ASSIGNED TASK. Would you please restate all of the data exactly?

[[ INPUT open ]]

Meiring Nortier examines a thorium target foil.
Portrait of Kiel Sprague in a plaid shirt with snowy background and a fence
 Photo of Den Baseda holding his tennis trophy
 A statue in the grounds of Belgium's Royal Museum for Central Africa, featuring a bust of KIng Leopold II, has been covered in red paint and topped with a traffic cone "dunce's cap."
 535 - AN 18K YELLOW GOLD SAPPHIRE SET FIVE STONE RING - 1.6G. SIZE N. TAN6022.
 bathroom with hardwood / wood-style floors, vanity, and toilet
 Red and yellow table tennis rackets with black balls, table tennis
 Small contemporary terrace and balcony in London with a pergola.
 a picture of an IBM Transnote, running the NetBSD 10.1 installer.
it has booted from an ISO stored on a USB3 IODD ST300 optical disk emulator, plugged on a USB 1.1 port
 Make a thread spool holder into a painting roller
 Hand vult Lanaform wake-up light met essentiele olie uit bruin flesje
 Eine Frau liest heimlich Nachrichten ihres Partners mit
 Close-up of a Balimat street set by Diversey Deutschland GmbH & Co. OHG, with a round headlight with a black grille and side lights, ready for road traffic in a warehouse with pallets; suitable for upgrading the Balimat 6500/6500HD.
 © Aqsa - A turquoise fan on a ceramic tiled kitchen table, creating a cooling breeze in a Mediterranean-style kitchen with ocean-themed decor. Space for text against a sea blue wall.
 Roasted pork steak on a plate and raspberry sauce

[[ INPUT closed ]]

RESPONSE FOR THIS EXERCISE.
Meiring Nortier examines a thorium target foil.
Portrait of Kiel Sprague in a plaid shirt with snowy background and a fence
 Photo of Den Baseda holding his tennis trophy
 A statue in the grounds of Belgium's Royal Museum for Central Africa, featuring a bust of KIng Leopold II, has been covered in red paint and topped with a traffic cone "dunce's cap."
 535 - AN 18K YELLOW GOLD SAPPHIRE SET FIVE STONE RING - 1.6G. SIZE N. TAN6022.
 bathroom with hardwood / wood-style floors, vanity, and toilet
 Red and yellow table tennis rackets with black balls, table tennis
 Small contemporary terrace and balcony in London with a pergola.
 a picture of an IBM Transnote, running the NetBSD 10.1 installer.
it has booted from an ISO stored on a USB3 IODD ST300 optical disk emulator, plugged on a USB 1.1 port
 Make a thread spool holder into a painting roller
 Hand vult Lanaform wake-up light met essentiele olie uit bruin flesje
 Eine Frau liest heimlich Nachrichten ihres Partners mit
 Close-up of a Balimat street set by Diversey Deutschland GmbH & Co. OHG, with a round headlight with a black grille and side lights, ready for road traffic in a warehouse with pallets; suitable for upgrading the Balimat 6500/6500HD.
 © Aqsa - A turquoise fan on a ceramic tiled kitchen table, creating a cooling breeze in a Mediterranean-style kitchen with ocean-themed decor. Space for text against a sea blue wall.
 Roasted pork steak on a plate and raspberry sauce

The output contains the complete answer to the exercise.